The LM3914 is an integrated circuit (IC), designed by National Semiconductor in the late 1970s, used to operate displays that visually show the magnitude of an analog signal. It can drive up to 10 LEDs, LCDs, or vacuum fluorescent displays on its outputs. The linear scaling of the output thresholds makes the device usable, for example, as a voltmeter. In the basic configuration it provides a ten step scale which is expandable to over 100 segments with other LM3914 ICs in series.

==Features==
The LM3914 / LM3915 / LM3916 are identical except for the ten resistor divider inside each part.
- LM3914 – linear steps, scaled by a resistor divider consisting of ten 1000 ohm resistors.
- LM3915 – 3dB logarithmic steps, scaled by a resistor divider consisting of 6630, 4690, 3310, 2340, 1660, 1170, 830, 590, 410, 1000 ohm resistors.
- LM3916 – VU-meter steps, scaled by a resistor divider consisting of 1087, 970, 864, 769, 1298, 1031, 819, 923, 1531, 708 ohm resistors.

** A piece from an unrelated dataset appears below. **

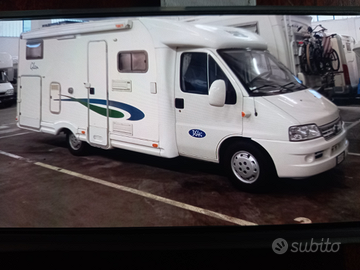 Camper semi-integrale Mc Louis omologato 6 posti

All the devices in this group operate with a range of voltages of 3–25 V, can drive LED and VFD displays. They can provide a regulated output current between 2-30 mA to directly drive displays.

Internally, each device contains ten comparators and a resistor scaling network, as well as a 1.25 volt reference source. As the input voltage increases, each comparator turns on. The device can be configured for either a bar-graph mode, where all lower-output terminals switch on, or "dot" mode in which only one output goes on. The device is packaged in an 18 pin dual in-line package or in a surface mount leadless chip carrier.